(Beginning of RECORDS FOR THE EXERCISE)

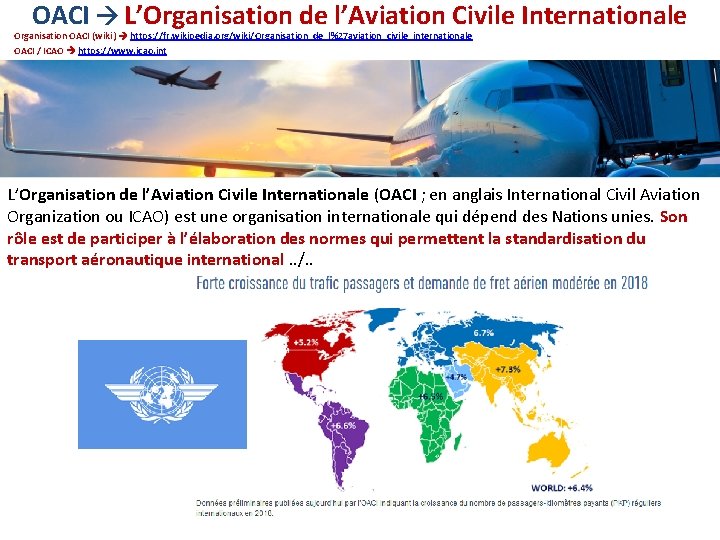 OACI L’Organisation de l’Aviation Civile Internationale Organisation OACI (wiki) https: //fr. wikipedia. org/wiki/Organisation_de_l%27 aviation_civile_internationale
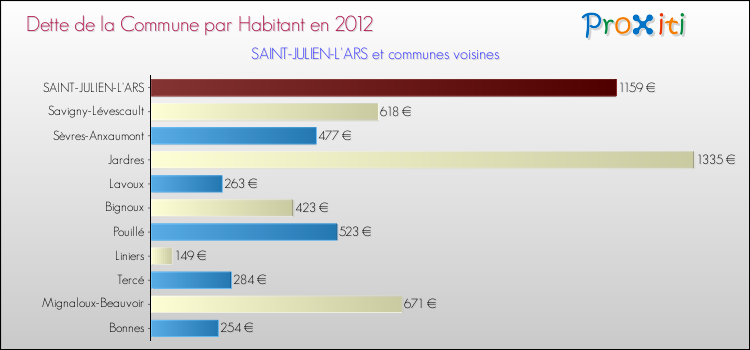 Dette par habitant de la commune en 2012 pour SAINT-JULIEN-L'ARS et les communes proches Comparaison de la dette par habitant de la commune en 2012 pour SAINT-JULIEN-L'ARS et les communes voisines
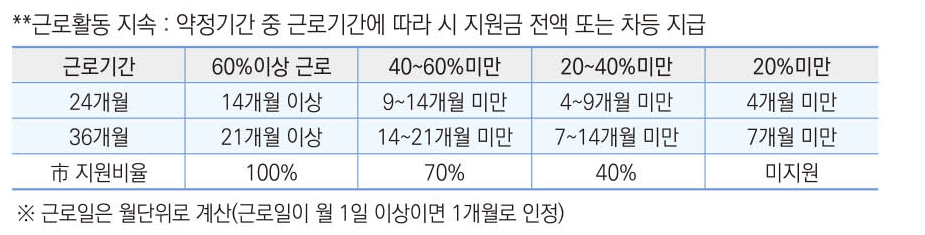근로활동에 따른 지원금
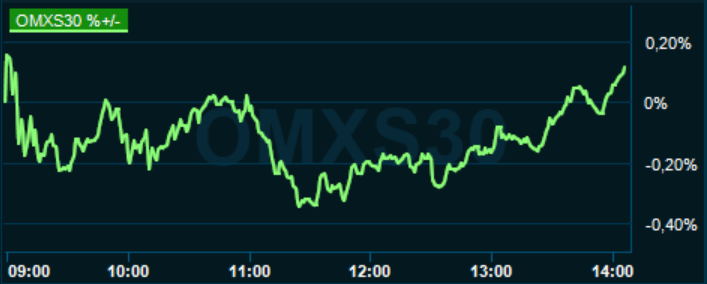 placera-redaktionellt-2020-270820omx1400.PNG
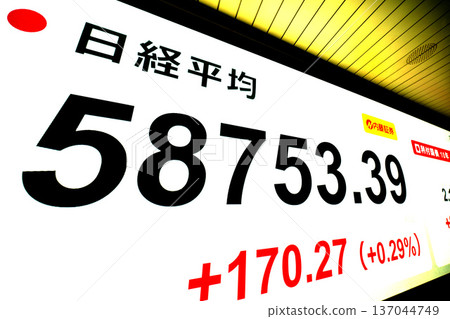 日本東京都市景觀股股價/收盤價創下58,753日圓（39日圓）的歷史新高。該股於2月26日首次短暫突破59,000日圓大關。 137044749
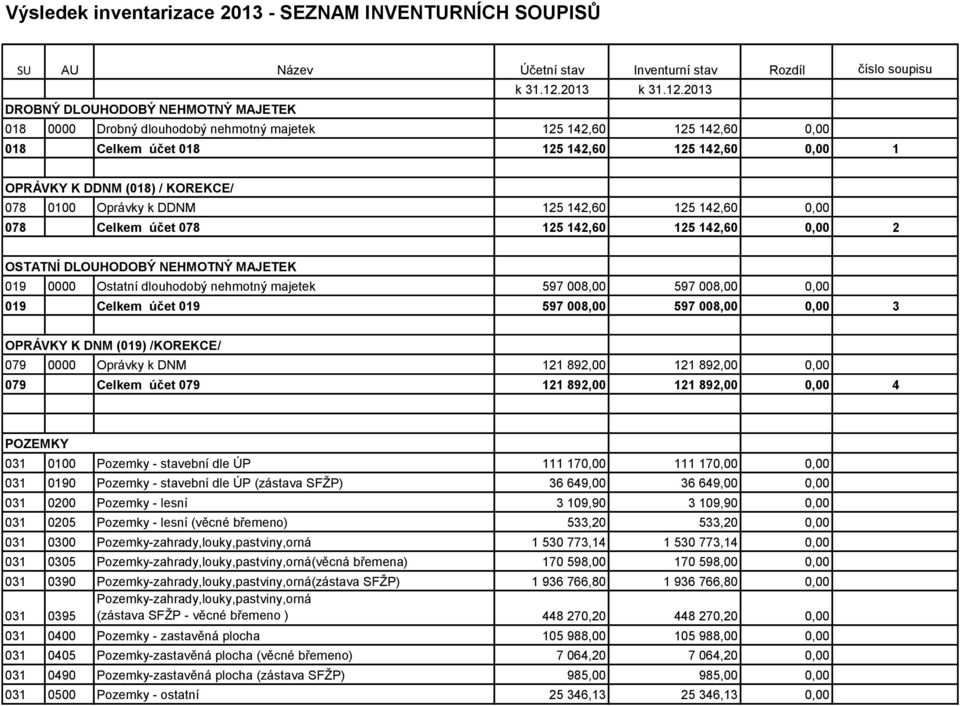 2013 DROBNÝ DLOUHODOBÝ NEHMOTNÝ MAJETEK 018 0000 Drobný dlouhodobý nehmotný majetek 125 142,60 125 142,60 0,00 018 Celkem účet 018 125 142,60 125 142,60 0,00 1 OPRÁVKY K DDNM (018) / KOREKCE/ 078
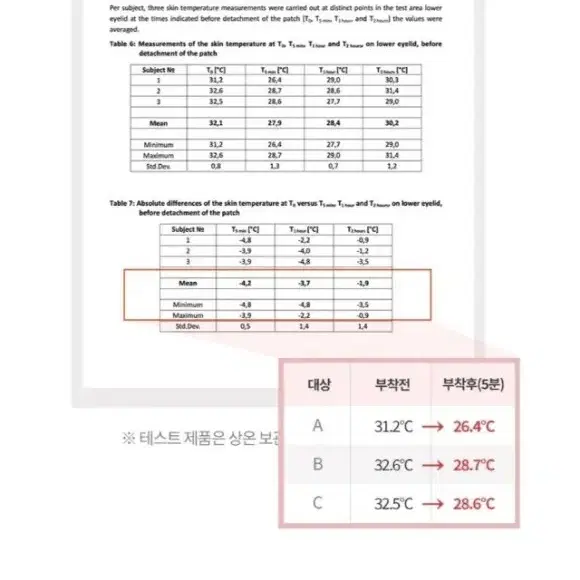 부은 눈 아이패치 보습 아이패치 붓기 관리 아이패치 눈 피로 아이패치 건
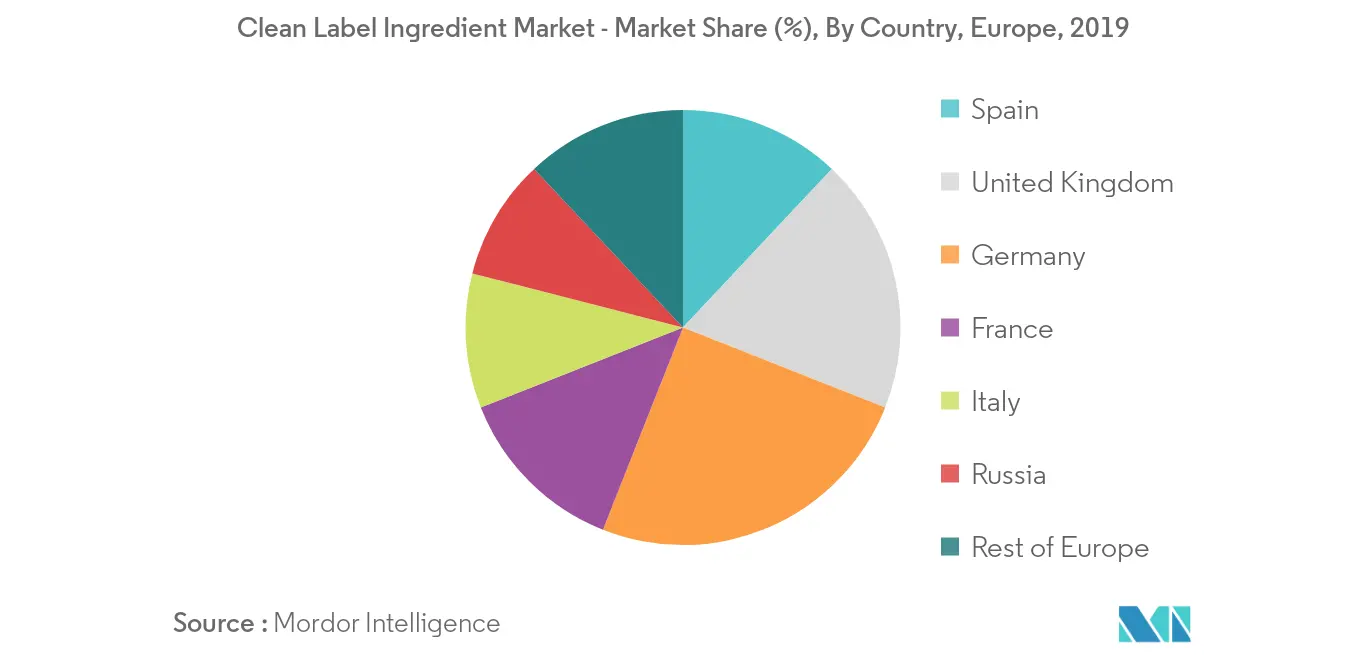 Mercado europeo de ingredientes de etiqueta limpia.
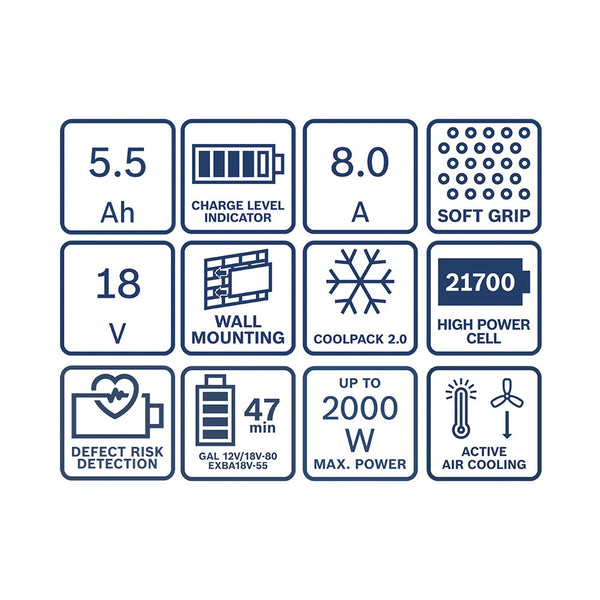 Bosch Starter-Set EXPERT 2x EXBA18V-55 + GAL12V/18V-80 1.600.A03.73P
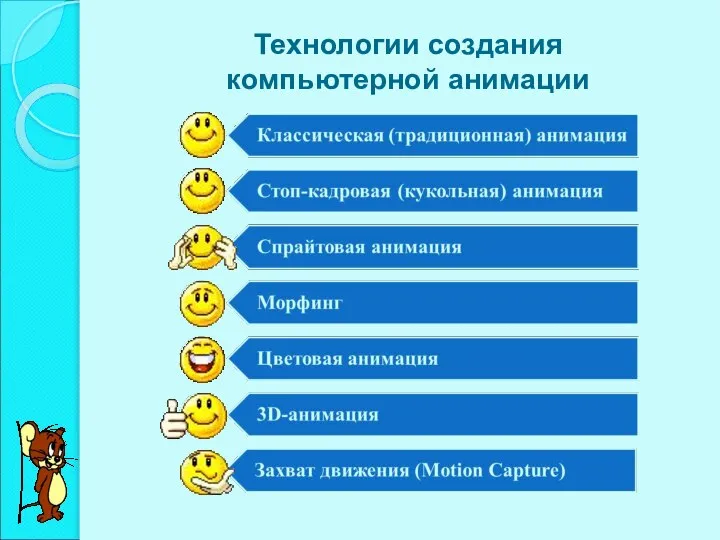 Технологии создания компьютерной анимации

(End of RECORDS FOR THE EXERCISE)

ACTION ITEM: Set down all the entries exactly as they appear, but skip any pictures.

EXPECTED OUTPUT:
 OACI L’Organisation de l’Aviation Civile Internationale Organisation OACI (wiki) https: //fr. wikipedia. org/wiki/Organisation_de_l%27 aviation_civile_internationale
 Dette par habitant de la commune en 2012 pour SAINT-JULIEN-L'ARS et les communes proches Comparaison de la dette par habitant de la commune en 2012 pour SAINT-JULIEN-L'ARS et les communes voisines
근로활동에 따른 지원금
 placera-redaktionellt-2020-270820omx1400.PNG
 日本東京都市景觀股股價/收盤價創下58,753日圓（39日圓）的歷史新高。該股於2月26日首次短暫突破59,000日圓大關。 137044749
 2013 DROBNÝ DLOUHODOBÝ NEHMOTNÝ MAJETEK 018 0000 Drobný dlouhodobý nehmotný majetek 125 142,60 125 142,60 0,00 018 Celkem účet 018 125 142,60 125 142,60 0,00 1 OPRÁVKY K DDNM (018) / KOREKCE/ 078
 부은 눈 아이패치 보습 아이패치 붓기 관리 아이패치 눈 피로 아이패치 건
 Mercado europeo de ingredientes de etiqueta limpia.
 Bosch Starter-Set EXPERT 2x EXBA18V-55 + GAL12V/18V-80 1.600.A03.73P
 Технологии создания компьютерной анимации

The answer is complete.